You just don't get many platformers that offer what classic Sonic does.
 
Also, realtalk: most of the old Mega Man and Castlevania games have way more unfair trial-and-error bullshit than any given Sonic game.

I didn't feel that way. The most that could be said about MM are the stupid things you have to collect in 1. I even agree other games have trial and error during that time period, but I have fun learning a Mega Man game. I didn't have any fun at all past Green Hill playing Sonic 1.
 
Sonic 1 was a proof of concept. The series found itself in 2, then skyrocketed with 3/Knuckles.
 
I just replayed Sonic 1 on the 3DS last night....and this is a lot of hyperbole.

I never got the whole "trial and error" complaint. Sure, there are a couple of platforms where you don't know if they are gonna fall or rise, which is odd, but the game doesn't straight up kill you if you make a bad decision. You can jump out of your way. Platforms that lift you into spikes give you time to react.
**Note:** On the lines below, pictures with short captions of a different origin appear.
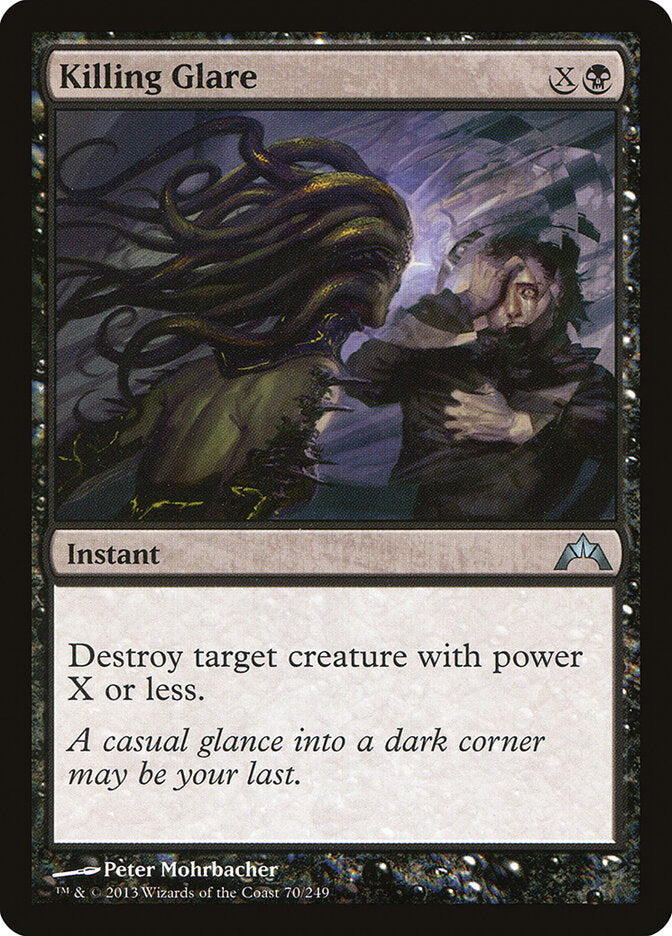 Killing Glare (70) - Gatecrash (GTC)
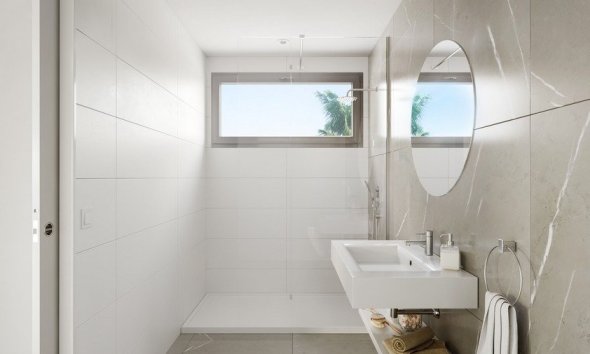 Obra nueva - Apartamento - Aguilas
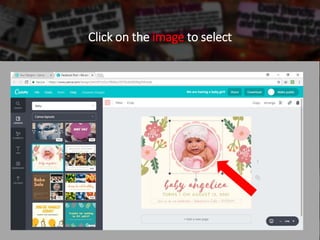 Click on the image to select
 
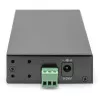 DIGITUS Koncentrator USB 4-portowy 3.0->4xA3.0 linia przemysłowa czarny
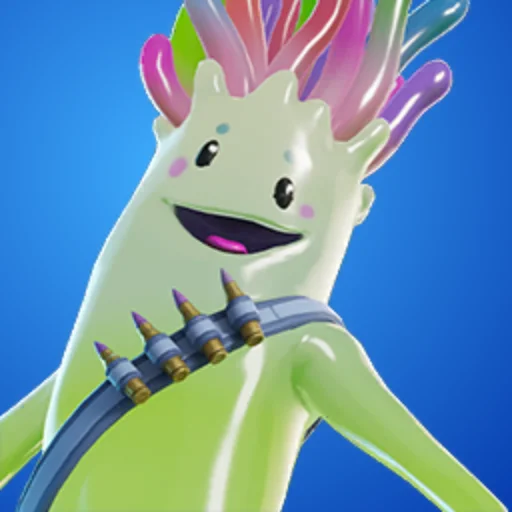 Color Splash Jellie skin fortnite item shop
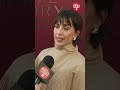"Love Story" star Constance Zimmer gets choked up about her emotional funeral scene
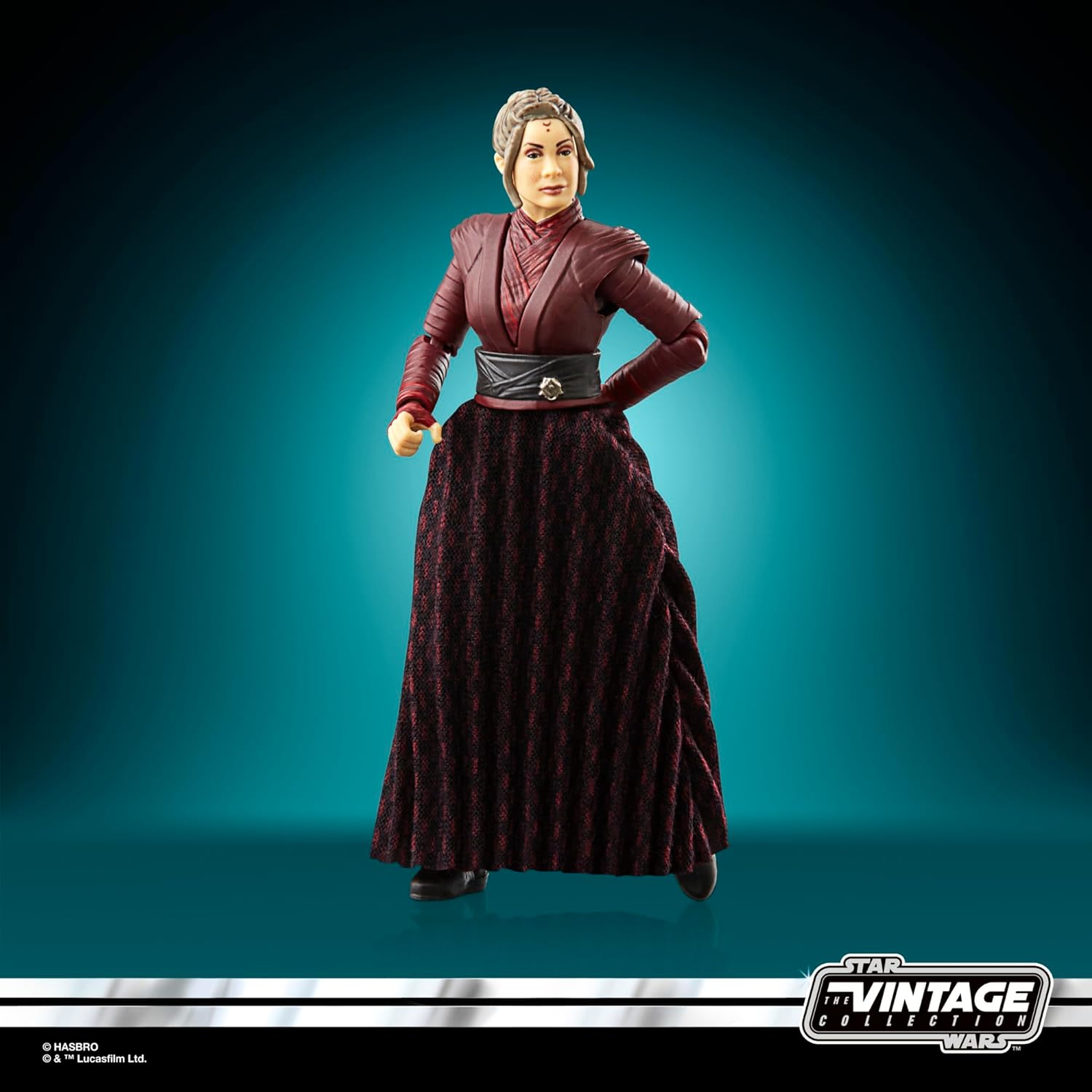 Star Wars The Vintage Collection Morgan Elsbeth, Action-Figur zu Star Wars: Ahsoka (9,5 cm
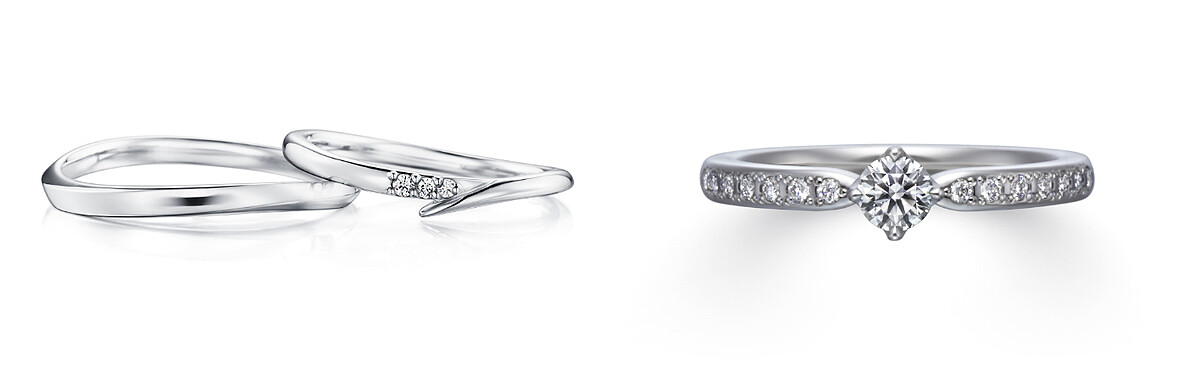 I-PRIMO Epuree 對戒、I-PRIMO Mimoria鑽戒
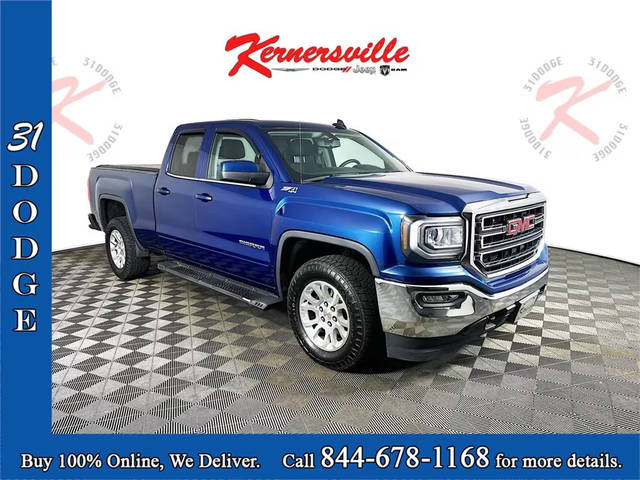 2018 GMC Sierra 1500 SLE 4WD photo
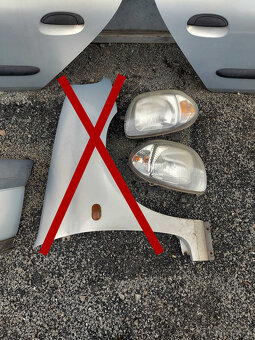 Karosářské díly Clio II - MV632 - 6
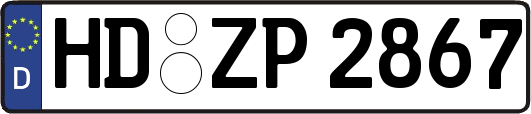 HD-ZP2867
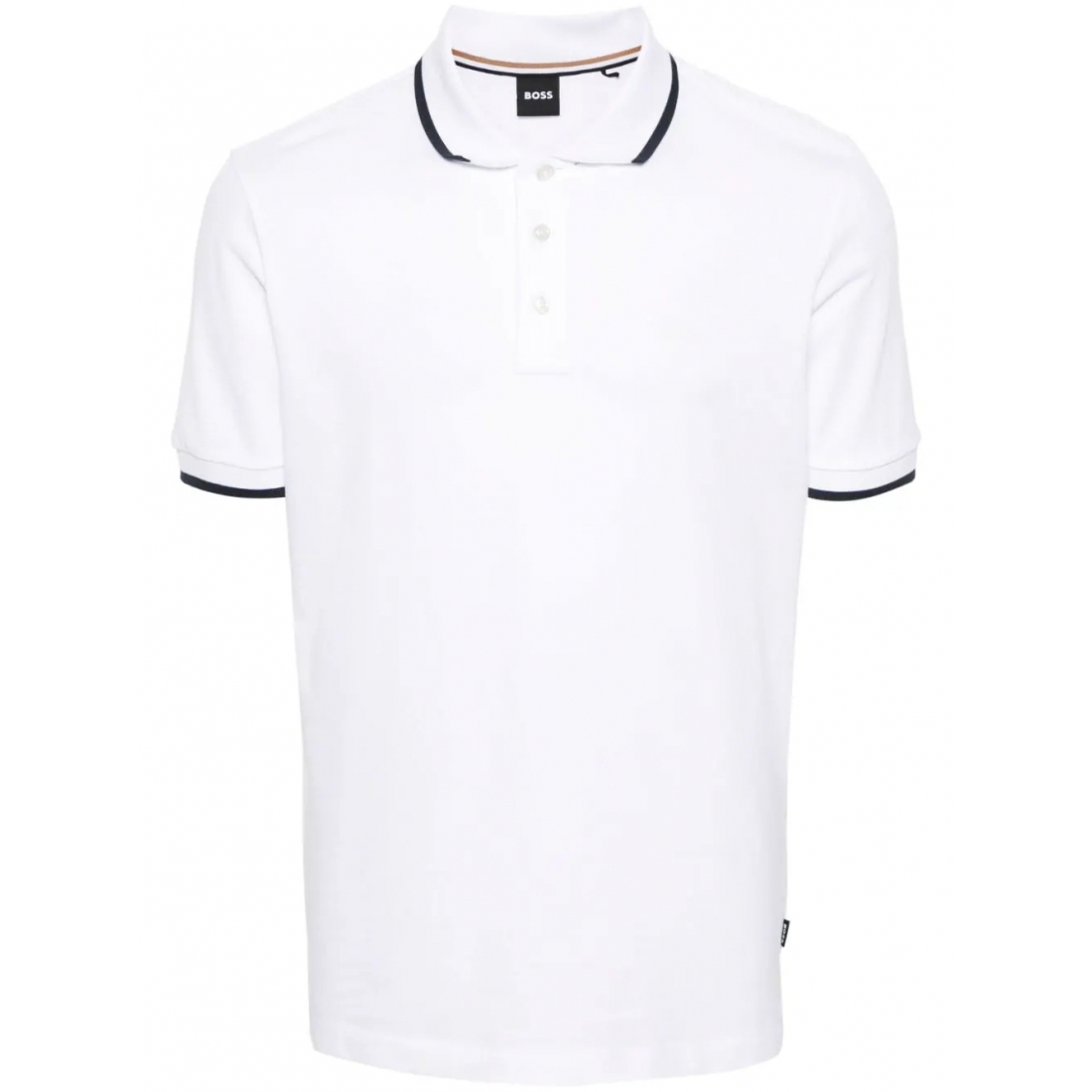 Men's 'Logo-Rubberised' Polo Shirt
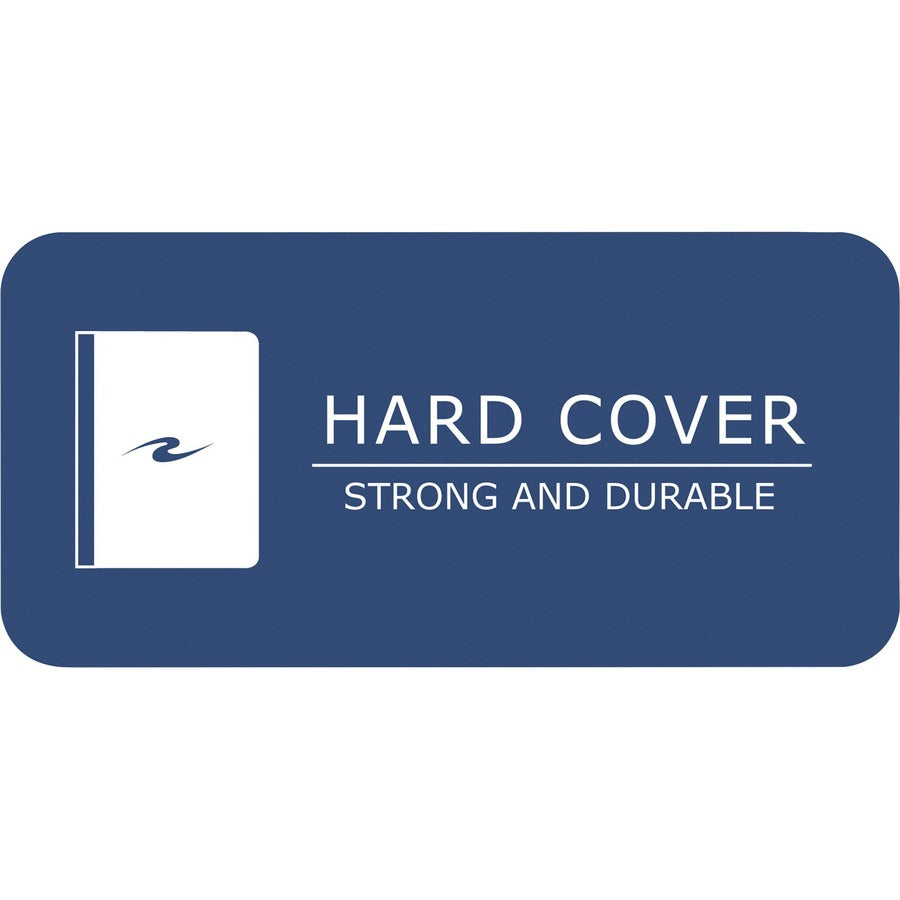 Roaring Spring Grade School Ruled Marble Hard Cover Composition Book, 80 Sheets, 160 Pages, 9-3/4" x 7-1/2", Green Marble Cover, 48 per Carton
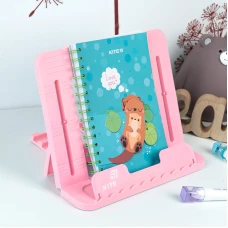 Підставка для книг, пластикова, рожева, K25-330-4 Kite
If you got killed by being raised into a spike that's not trial and error. That's just you being slow. You have a ton of time to move out of the way.

A ton of times when I was launched fast in Green Hill, Spring Yard, Starlight and even Scrap Brain 1 and 2, I just kept pressing down to keep the ball form going faster and faster, and the game didn't betray me. It left me land safely. Rings indicate where there is safe land underneath, or indicate an arc to jump onto the next platform. I did not meet a forward spring that launched me into danger. I _think_ there are a couple that can launch you into spikes, but IIRC they face back, so you come from where the spikes were. You know the spikes were there.

Most of the deaths I suffered came from being squished by spikes or moving pistons, but those are not trial and error. Falling to my death happened only twice in my playthrough; one in the last moving platforms just before the Spring Yard boss (I fucked up) and one in Starlight 2, cause I got to the end without 50 rings and I wanted that last secret area so I suicided.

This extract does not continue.